Charis Glatthar became a foster kid at age 14, then lived in 14 homes in four
years. She lost track of how many schools she attended. 

When Glatthar aged out of the child welfare system, she hoped she could go to
college, but had no money and no clue about how to apply for financial aid.
She’s been trying to catch up ever since. 

Now 39 and a student at Metropolitan State University of Denver, Glatthar has
been attending college on and off since 2004, starting with community college
and then working toward a bachelor’s degree at MSU Denver, all the while working
as a barista, in retail, at the Colorado Convention Center and on campus as a
chemistry research assistant. Her health issues, including recently losing her
eyesight, have forced Glatthar to take time off from college, but the biggest
obstacle to earning a degree has been financial. 

A plan to provide free tuition at community colleges, state universities and
trade schools for kids who grew up in Colorado’s foster care system comes about
20 years too late for Glatthar. Still, she can’t help but think about how it
could have changed her life.

“Gosh, I would have been done a long time ago,” she said.

Charis Glatthar, 39, lived in 14 homes in four years as a teenager and is now
working toward a degree at Metropolitan State University of Denver. (Olivia Sun,
The Colorado Sun via Report for America)

A legislative effort, led by Democrats but with at least some Republican
support, would require public higher education institutions to waive tuition for
young people who were in the foster care system. The plan is projected to cost
about $700,000 per year, evenly split between state taxpayers and colleges and
universities, according to the current draft of the bill.

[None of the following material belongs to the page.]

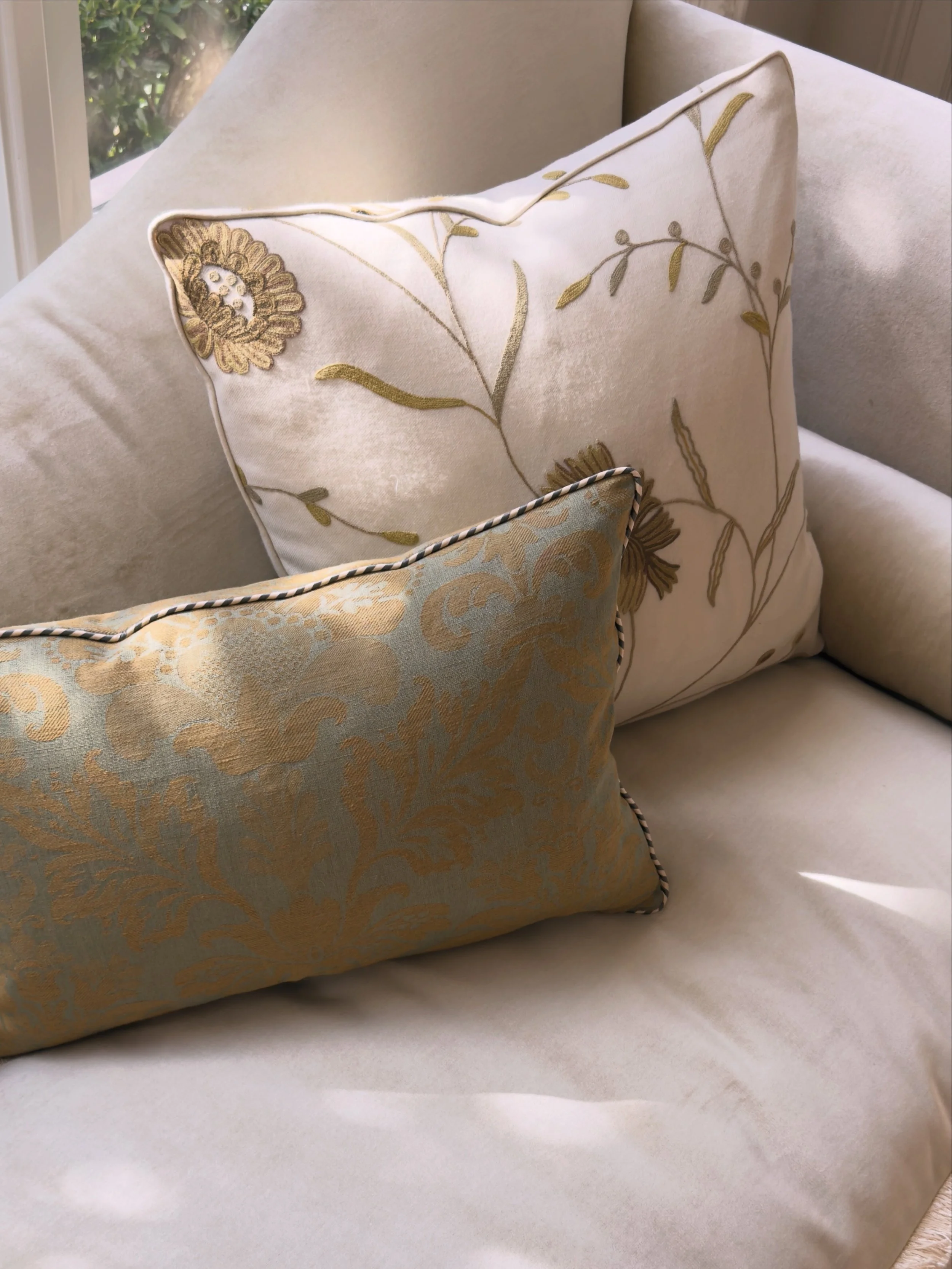 CIËN Interiors – antique wool crewel embroidered linen, pillow, and silk down, lumbar with twisted cord piping on an ivory velvet sofa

It would require high schools to notify foster students that they’re eligible
for free tuition, and would require that a navigator at the Colorado Department
of Higher Education help them apply. The bill also requires that higher
education institutions designate an employee to serve as a liaison to
prospective students in foster care. Students would have to first apply for
federal financial aid and for a scholarship specifically for foster children,
through the Chafee program in Colorado, that provides up to about $5,000.  



“The state of Colorado owes this to our foster youth,” said Sen. Rachel
Zenzinger, an Arvada Democrat and prime sponsor of the bill. “We are their
parent.” 

Children in the foster care system are the least likely of any demographic to
attend college in Colorado. Only about 30% of foster teens graduate from high
school in four years. Of those, just 13% enroll in college by age 21. 


TODAY’S UNDERWRITER



Nationwide, 3% of teens who age out of foster care, meaning they were not
adopted or returned to their families, earn an associate’s degree or higher. 

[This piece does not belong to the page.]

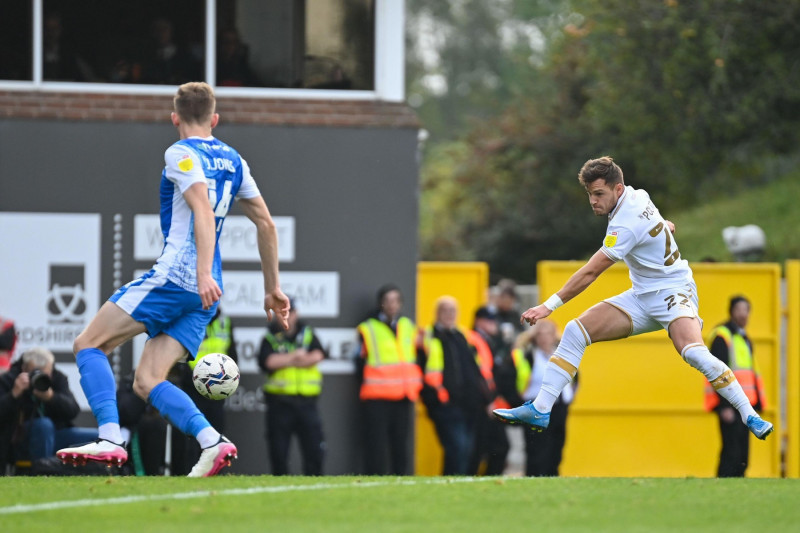 Vale Park, Burslem, UK, 16th Oct 2021. Pictured is Port Vale's number 22 and substitute Dennis Politic shooting and scoring Valer's equaliser during Vale's 3-1 win against Barrow in the EFL League Two fixture. Credit: TeeGeePix/Alamy Live News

“This is despicable,” Zenzinger said during the bill’s first hearing at the
Capitol, where it passed 5-2 in the Senate Education Committee.

Metropolitan State University has a model program to help kids who aged out of
foster care succeed in college, though the school could help many more students
if tuition were waived, said Miguel Huerta, director of a campus program called
Epic Scholars, which is for former foster youth and other students who have no
family support. 

Each semester, 150-200 students under age 24 at MSU Denver fill out their
federal financial aid documents as independents. They are former foster kids,
orphans, students living in the country without parents and those who were
homeless in high school. 

Charis Glatthar, 39, lived in 14 homes in four years as a teenager and is now
working toward a degree at Metropolitan State University of Denver. (Olivia Sun,
The Colorado Sun via Report for America)

Huerta’s program, though, has 53 slots. Students who join Epic Scholars get help
finding subsidized housing, applying for food assistance, filling out forms for
financial aid and scholarships, and they support each other by gathering for
outings, including bowling and hiking. Sometimes, students are referred to the
program not because they already have independent status on their federal
student aid application, but because a professor learned they were sleeping in
their car and had no parents to help them, Huerta said. Six participants
graduated last semester. 

If tuition were covered by the university and the state, and foster kids knew
about the opportunity in high school, more would enroll, he said. 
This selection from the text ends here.